Action item —
Nothing but the lines from the one with "4551 Gulf Shore BLVD N 1600 photo 13" through the end of the records may appear in the answer, each reproduced exactly, pictures omitted.

---------- Data to examine ----------

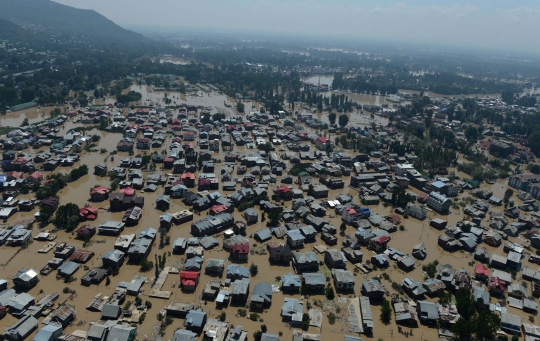 Pandangan udara ribuan rumah di India terkepung banjir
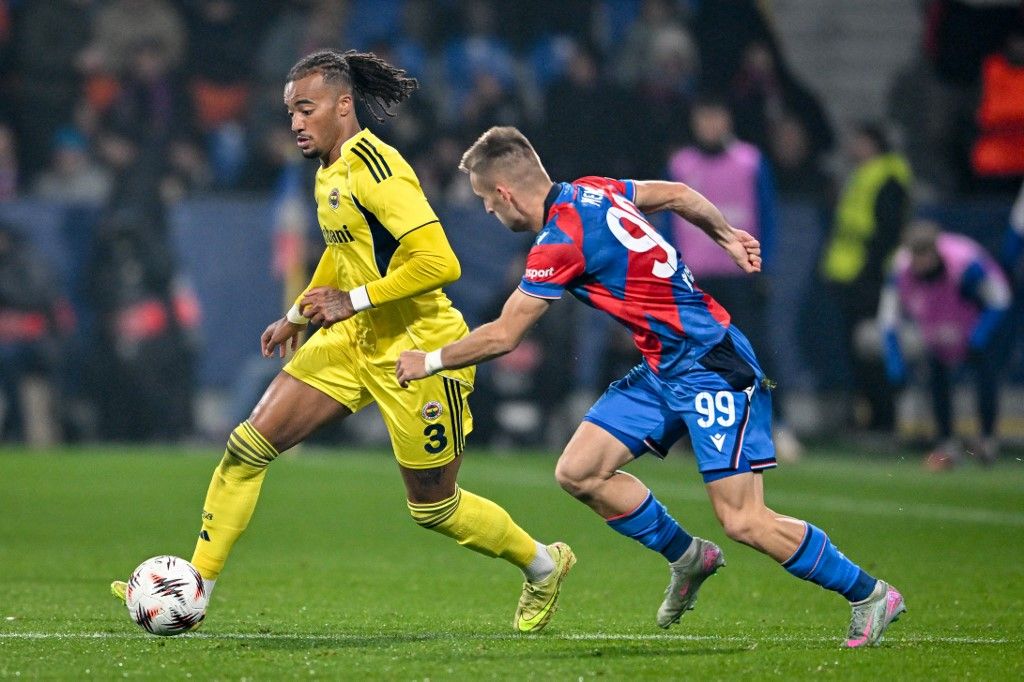 A Fenerbahce (labdával a klub játékosa, Archie Brown) legutóbb 0-0-s döntetlent játszott a Viktoria Plzen vendégeként az Európa-ligában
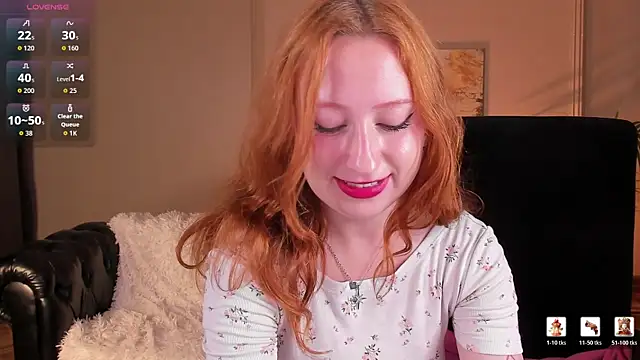 Snapshot of Violet_Griffen chatting on July 15, 2026, 3:52 pm Violet Griffen online show from July 15, 2026, 3:52 pm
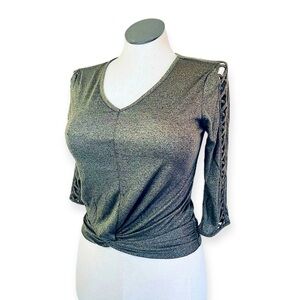 By & By 3/4 Sleeve V-Neck Shirt. Size S. NWOT By & By Green #000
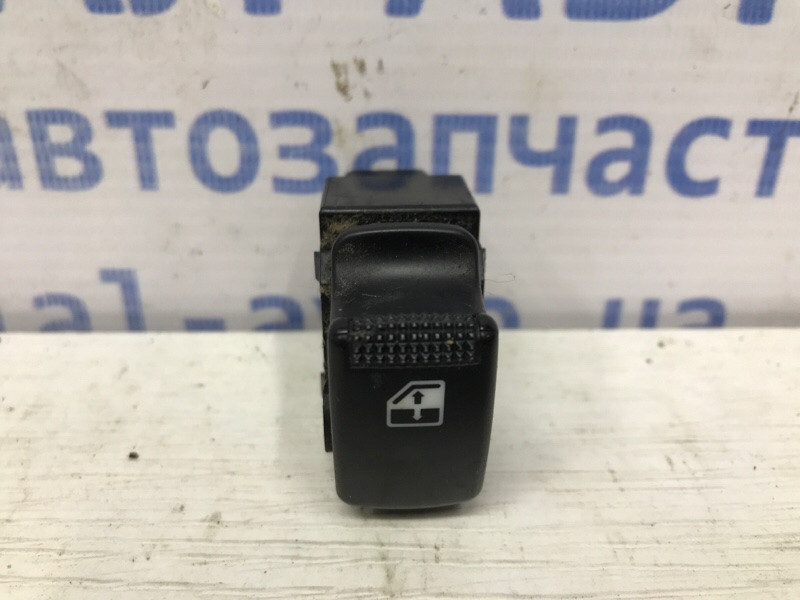 Кнопка стеклоподъемника Kia Sorento BL 2.5 DIESEL D4CB 2002 (б/у) Киев - изображение 2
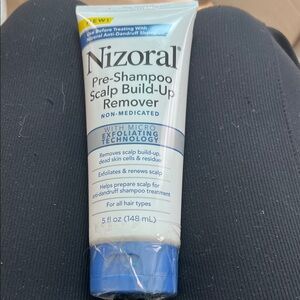 Pre-shampoo scout buildup remover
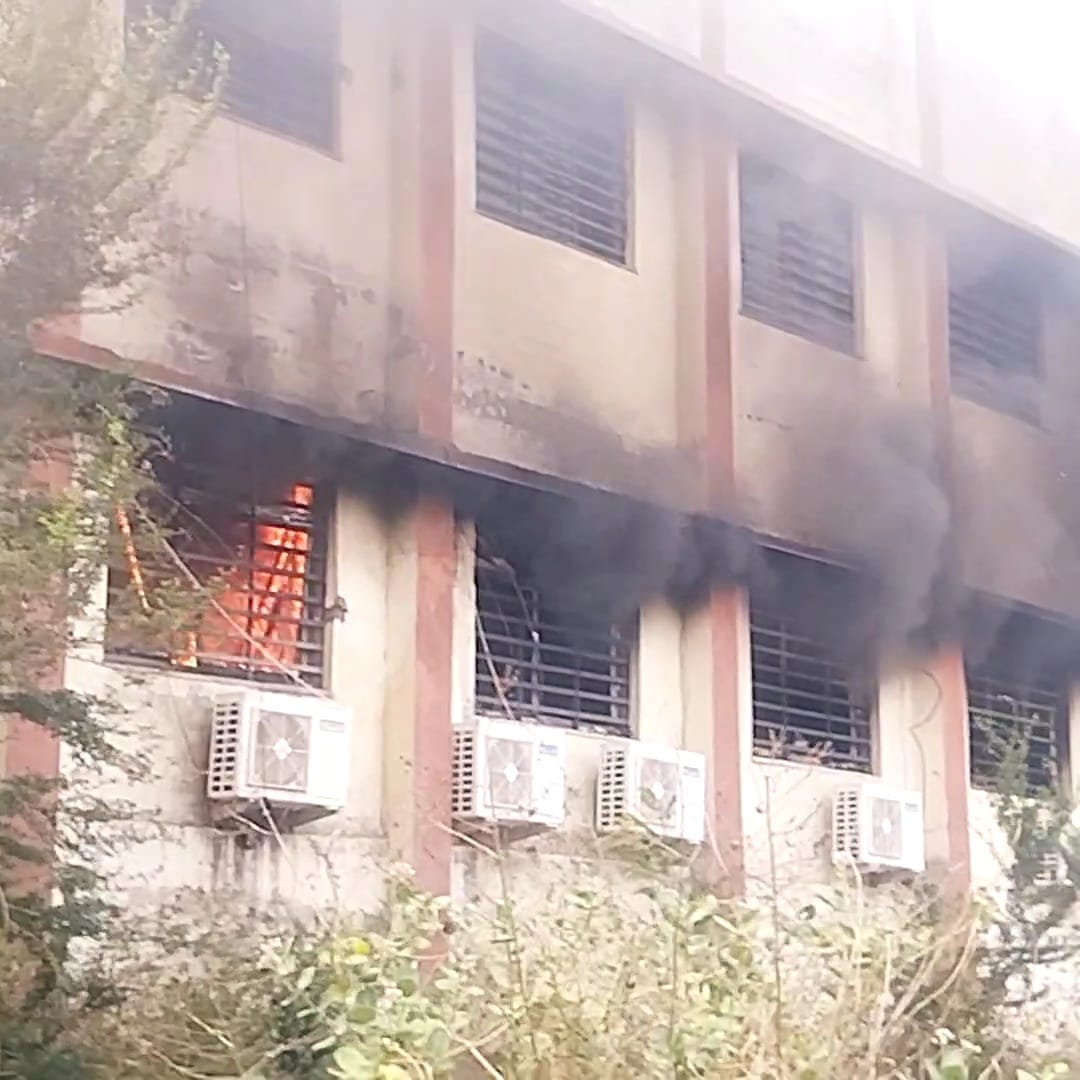 Computers worth lakhs of rupees burnt to ashes due to fire in Damoh ITI, creating panic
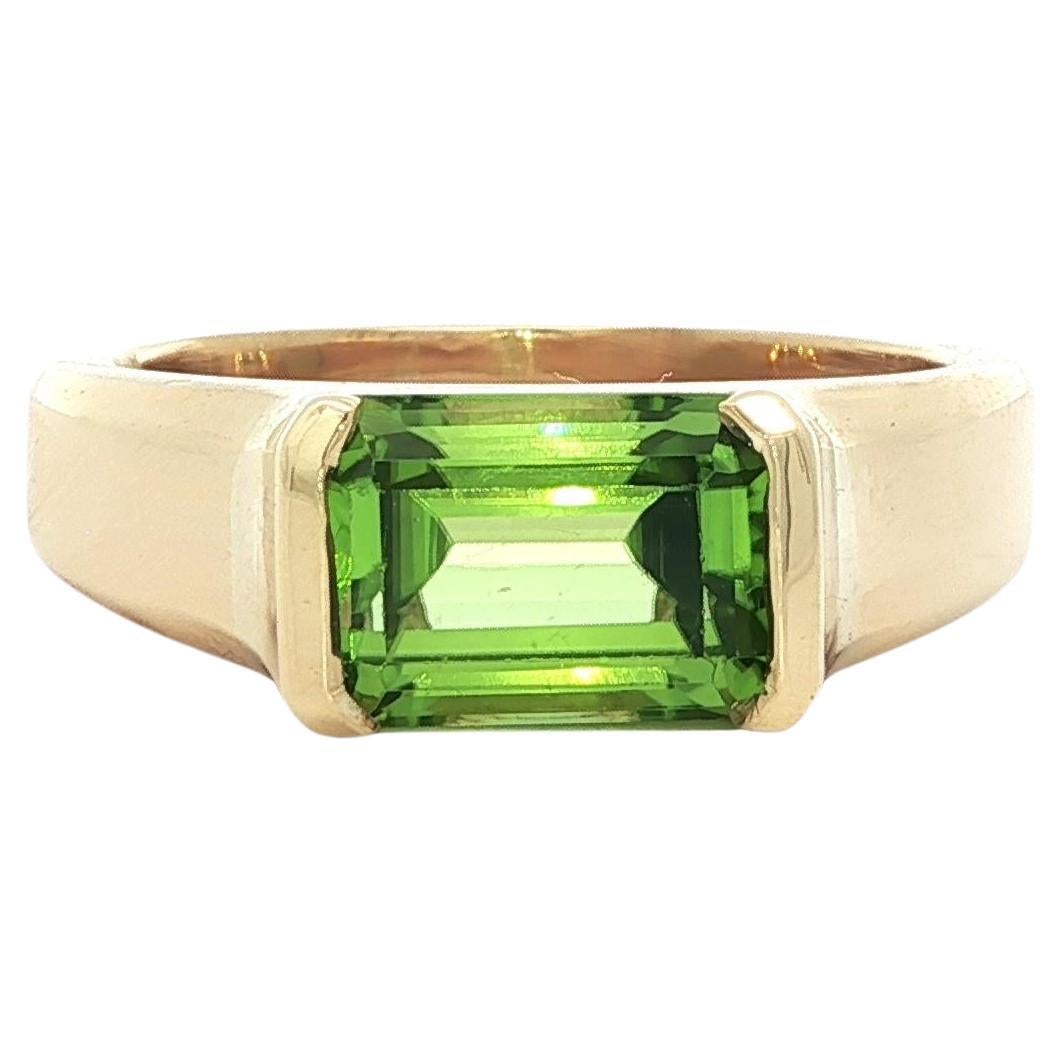 Massivem Gelbgold Smaragd Schliff Peridot Hälfte Lünette Solitär Ring Größe 9,5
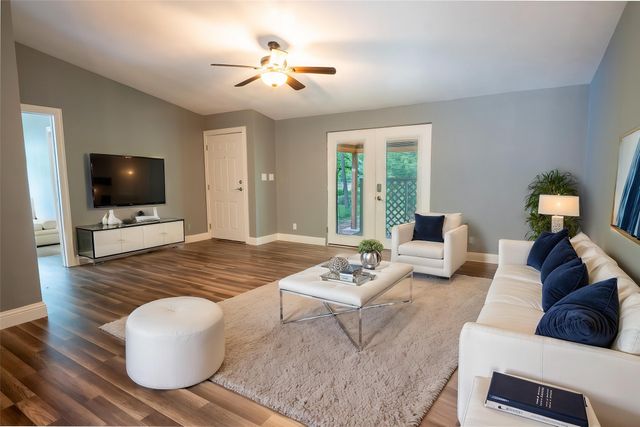 6617 Pecanwood Court, Mansfield, TX 76063
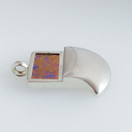 Kultakeskus, design by Nanny Still, titaani Riipus , Hopeaa -76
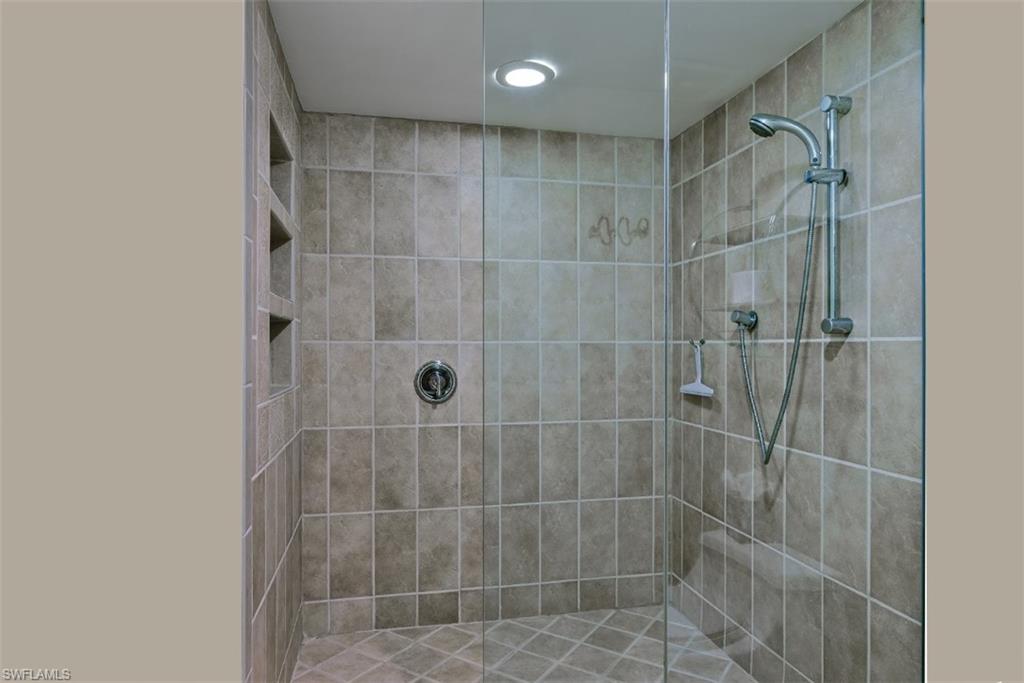 4551 Gulf Shore BLVD N 1600 photo 13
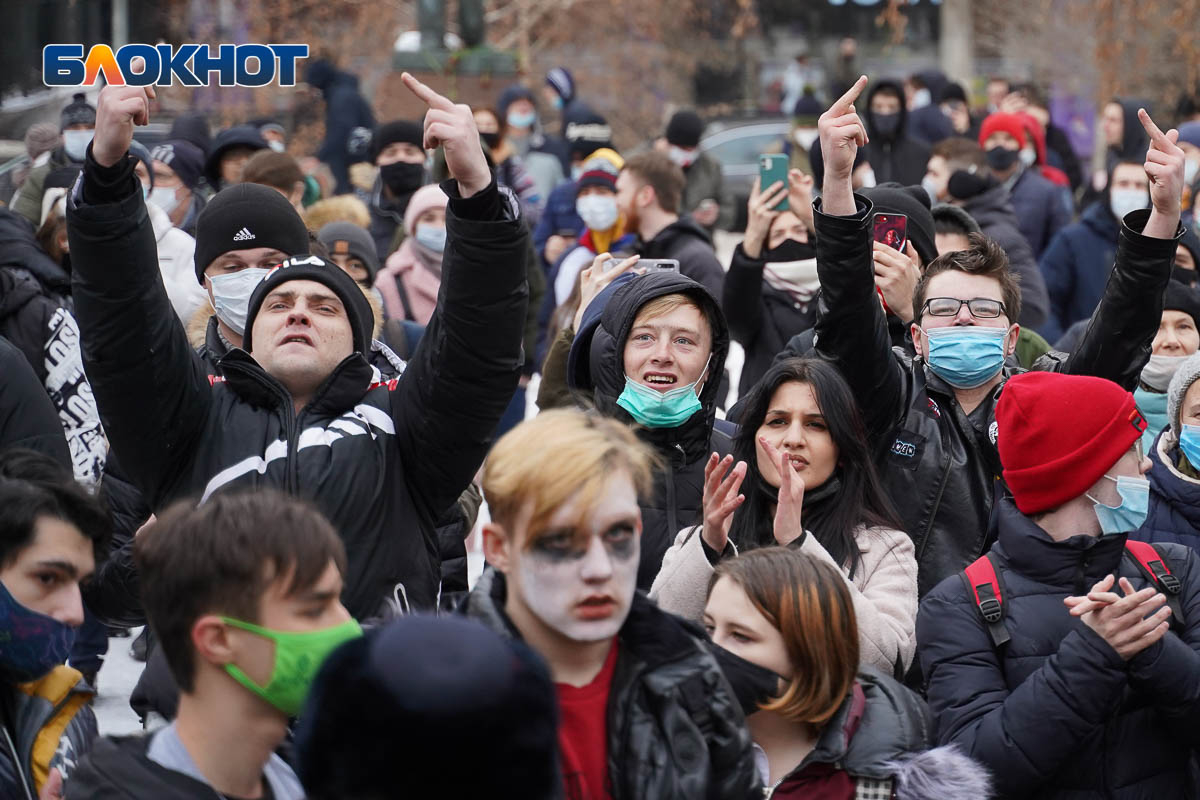 Дети на митинге навального. Митинг. Школьники протестуют. Толпа митинг. Школьники на митинге.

----------

Exercise result —
 4551 Gulf Shore BLVD N 1600 photo 13
 Дети на митинге навального. Митинг. Школьники протестуют. Толпа митинг. Школьники на митинге.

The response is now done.